Friday, November 30, 2012

Finances: Planning for the future

Have you planned for your loved ones’ later years?

Some say our golden years are the best of our life, and we all want to see our parents and grandparents living comfortable but stimulating later lives. With a bit of planning, we can rest assured knowing that our older loved ones are financially secure. For those responsible for planning their parents’ or grandparents financial future, it might be worth looking into equity release. This technique allows the elder generation to unlock a steady cash flow when they need it most, by releasing some of the money locked up in their property.

What to consider?

Many elderly homeowners find themselves property rich but cash poor. When you reach a certain age, having your money tied into a property is not ideal for your needs, and releasing this capital could allow you to spend a little money on the activities you have always wanted to try.

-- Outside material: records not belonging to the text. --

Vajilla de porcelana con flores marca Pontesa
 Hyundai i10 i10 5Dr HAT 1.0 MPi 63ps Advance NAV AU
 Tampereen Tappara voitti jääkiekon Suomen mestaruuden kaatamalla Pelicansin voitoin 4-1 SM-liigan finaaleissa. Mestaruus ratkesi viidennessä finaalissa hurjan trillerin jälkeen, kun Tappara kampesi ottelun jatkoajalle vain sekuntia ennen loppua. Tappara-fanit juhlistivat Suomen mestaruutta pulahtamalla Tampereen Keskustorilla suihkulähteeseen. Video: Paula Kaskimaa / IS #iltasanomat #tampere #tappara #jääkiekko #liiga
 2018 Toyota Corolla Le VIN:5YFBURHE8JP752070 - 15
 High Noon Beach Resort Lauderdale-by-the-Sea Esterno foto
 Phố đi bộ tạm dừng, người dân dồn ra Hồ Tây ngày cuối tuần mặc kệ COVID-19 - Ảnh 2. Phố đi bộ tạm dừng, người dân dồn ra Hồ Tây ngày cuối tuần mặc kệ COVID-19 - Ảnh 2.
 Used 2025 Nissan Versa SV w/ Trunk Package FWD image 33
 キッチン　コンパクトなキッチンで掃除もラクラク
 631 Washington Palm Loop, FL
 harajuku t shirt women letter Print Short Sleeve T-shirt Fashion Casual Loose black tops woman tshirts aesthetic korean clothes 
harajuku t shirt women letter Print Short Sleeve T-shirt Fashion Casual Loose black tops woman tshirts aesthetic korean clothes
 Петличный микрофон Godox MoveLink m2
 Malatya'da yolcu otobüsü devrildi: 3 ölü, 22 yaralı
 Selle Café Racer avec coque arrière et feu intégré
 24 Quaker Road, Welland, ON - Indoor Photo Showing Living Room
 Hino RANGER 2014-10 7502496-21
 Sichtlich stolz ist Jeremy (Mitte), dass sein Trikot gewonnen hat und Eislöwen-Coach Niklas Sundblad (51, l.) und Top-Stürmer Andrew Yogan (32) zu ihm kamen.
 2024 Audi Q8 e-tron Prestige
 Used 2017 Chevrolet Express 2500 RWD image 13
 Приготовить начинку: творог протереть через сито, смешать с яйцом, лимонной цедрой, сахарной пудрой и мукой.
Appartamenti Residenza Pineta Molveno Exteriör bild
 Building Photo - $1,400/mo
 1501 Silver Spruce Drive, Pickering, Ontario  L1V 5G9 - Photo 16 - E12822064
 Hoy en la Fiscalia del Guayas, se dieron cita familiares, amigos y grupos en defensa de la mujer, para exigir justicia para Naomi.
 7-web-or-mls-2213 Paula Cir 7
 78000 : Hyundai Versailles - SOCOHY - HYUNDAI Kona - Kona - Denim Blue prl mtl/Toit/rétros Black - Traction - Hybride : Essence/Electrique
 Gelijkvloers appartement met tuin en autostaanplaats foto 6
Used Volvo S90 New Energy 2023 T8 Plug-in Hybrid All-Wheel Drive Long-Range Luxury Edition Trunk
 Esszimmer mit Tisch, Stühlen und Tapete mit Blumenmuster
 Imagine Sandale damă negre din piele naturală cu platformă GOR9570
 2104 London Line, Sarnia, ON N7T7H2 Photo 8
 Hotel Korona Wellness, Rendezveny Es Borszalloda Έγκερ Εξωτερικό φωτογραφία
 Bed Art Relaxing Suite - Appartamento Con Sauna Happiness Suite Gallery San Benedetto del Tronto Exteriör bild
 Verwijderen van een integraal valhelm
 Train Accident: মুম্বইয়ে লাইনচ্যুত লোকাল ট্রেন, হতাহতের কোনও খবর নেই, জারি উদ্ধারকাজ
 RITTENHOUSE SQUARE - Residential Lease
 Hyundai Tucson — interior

This could be anything from long and leisurely golf holidays to a trip to a paradise beach or regular cinema dates, dance classes and other entertainment-filled activities.

How much money is tied up in equity?

British people over the age of 50 are estimated to own over £750 million pounds of equity in various buildings. Equity release schemes are a great option for those that wish to unlock some of that hard-earned cash. Once this has been unlocked, your loved ones are free to spend it on anything they desire. It can also be a valuable option for those looking to downsize from a larger house to smaller, more secure accommodation.

There are a number of safe income plans available, many of which boast numerous benefits. It is important to aid your loved ones in choosing a system that can reduce the risk of inherent equity sums, so seek independent, qualified financial advice when making this decision.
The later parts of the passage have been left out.